El Señor resucitado está haciendo lo mismo hoy. Envía su Espíritu y sus carismas sobre los
creyentes de las distintas Iglesias, también de las que creíamos más distantes de nosotros, a
menudo con idénticas manifestaciones visibles. ¿Cómo no ver en eso un signo que nos empuja a
aceptarnos y reconocernos recíprocamente como hermanos, aunque aún en el camino hacia una
unidad más plena en el plano visible?
Fue en todo caso lo que me ha convertido a mi a tener amor a la unidad de los cristianos,
acostumbrado por mis estudios preconciliares a ver a los ortodoxos y protestantes solo como
“adversarios” para confutar en nuestras tesis de teología.
4- Unidad en la caridad
Sin embargo, no es suficiente este motivo práctico para realizar la unidad de los cristianos. No es
suficiente encontrarse unidos en el frente de la evangelización y de la acción caritativa. Este es un
camino que el movimiento ecuménico ha experimentado en sus inicios con el movimiento ‘Vida y
acción’ (Life and Work), pero que se ha revelado insuficiente. Si la unidad de los discípulos tiene
que ser un reflejo de la unidad entre el Padre y el Hijo, esta tiene que ser en primer lugar una
unidad de amor, porque tal es la unidad que reina en la Trinidad. Las tres divinas personas no
están unidas por el hecho de que realizan conjuntamente la creación y todas las otras obras ad
extra; los son en su mismo ser. La Escritura nos exhorta a “hacer la verdad en la caridad –
veritatem facientes in caritate”(Ef 4, 15). Y san Agustín afirma que “no se entra en la verdad si no a
través de la caridad – non intratur in veritatem nisi per caritatem» .

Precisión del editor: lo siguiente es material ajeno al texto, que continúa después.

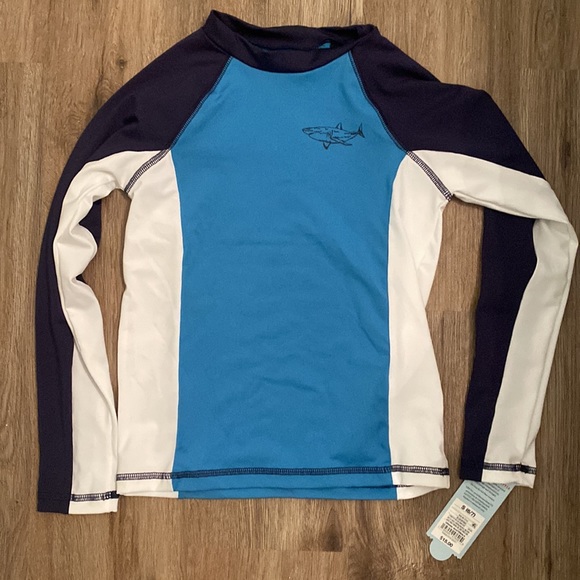Boys rash guards, son shirts, SPF size small size medium new with tags - Picture 3 of 3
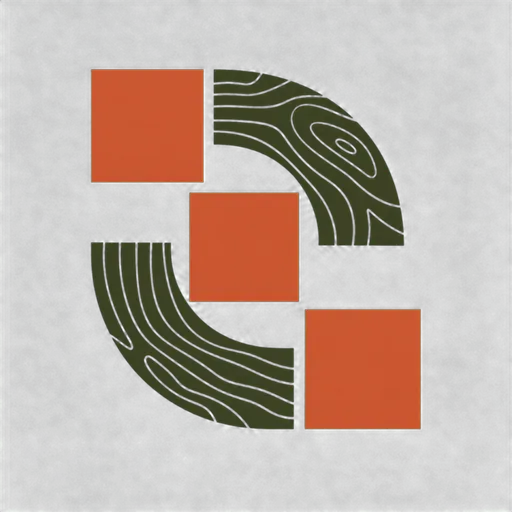 West Dundee Tilewright abstract tile-and-grain mark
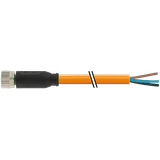 M8 female 0° A-cod. with cable PUR 4x0.34 or UL/CSA+robot+drag ch. 40m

La cosa extraordinaria, sobre este camino hacia la unidad basada en el amor, es que esta se
encuentra ya enteramente abierta delante de nosotros. No podemos “quemar las etapas” sobre la
doctrina, porque las diferencias son y se resuelven con paciencia en los lugares correspondientes.
Podemos en cambio quemar las etapas en la caridad, y estar plenamente unidos desde ahora. El
signo verdadero y seguro de la venida del Espíritu no es, escribe nuevamente san Agustín, el
hablar en lenguas, sino el amor por la unidad: “Sepan que tendrán el Espíritu Santo cuando
consientan que vuestro corazón adhiera a la unidad a través de una sincera caridad” .

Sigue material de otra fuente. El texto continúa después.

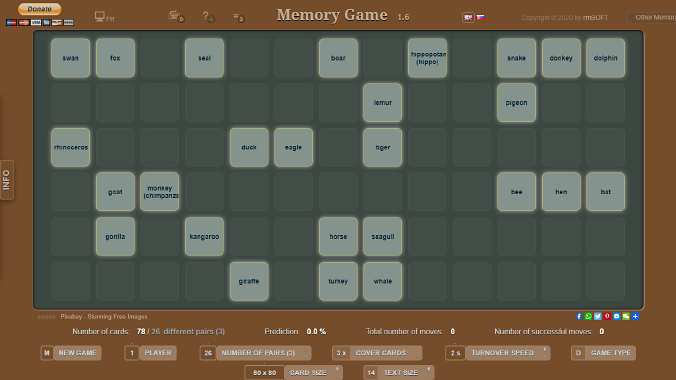 Memory Game gallery image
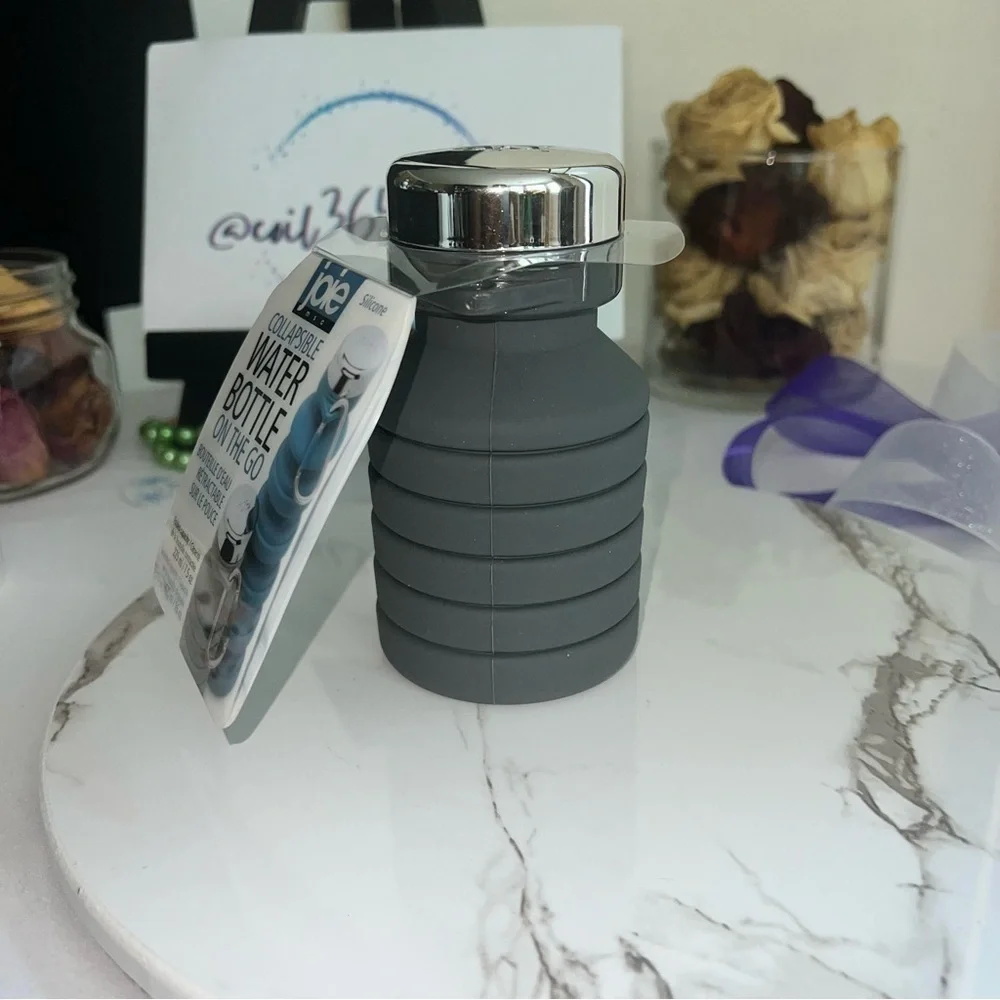 Joie Collapsible Water Bottle - Gray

Releemos el himno a la caridad de san Pablo. Cada una de sus frases toma un significado actual y
nuevo, si se aplica al amor entre los miembros de las diversas Iglesias.
“La caridad es paciente…
La caridad no es envidiosa…
No busca solo su interés (o solo el interés de la propia Iglesia).

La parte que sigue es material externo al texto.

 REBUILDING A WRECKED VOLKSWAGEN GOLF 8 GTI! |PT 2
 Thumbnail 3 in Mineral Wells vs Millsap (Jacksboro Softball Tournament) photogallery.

No toma en cuenta el mal recibido (sino más bien el mal hecho a los demás).
No goza de la injusticia, sino que se complace por la verdad (no goza de las dificultades de las
otras Iglesias, sino que se alegra de sus éxitos espirituales).
Todo cree y todo soporta” (1 Cor 13,4 ss).
“Amarse” se ha dicho “no significa mirarse uno al otro, sino mirar hacia la misma dirección”.
También entre los cristianos, amarse significa mirar juntos hacia la misma dirección que es Cristo.
“Él es nuestra paz” (Ef 2, 14). Si nos convertiremos a Cristo e iremos juntos hacia Él, nosotros
cristianos nos acercaremos también entre nosotros, hasta volvernos, como él ha querido, “una
sola cosa con él y con el Padre” (cf. Jn 17, 21). Sucede como con los radios de una rueda. Parten
desde puntos distantes de una circunferencia, pero a medida que se acercan al centro se acercan
también entre ellos, hasta formar un punto solo. Sucede como aquel día en Estocolmo…
Nos preparamos a celebrar la Pascua. En la Cruz, Jesús “ha abatido el muro de separación que
existía entre nosotros, o sea la enemistad (…). Por medio del Él podemos presentarnos, los unos a
los otros al Padre en un solo Espíritu” (Ef 2, 14.18). No dejemos de hacerlo para la alegría del
Corazón de Cristo y para el bien del mundo.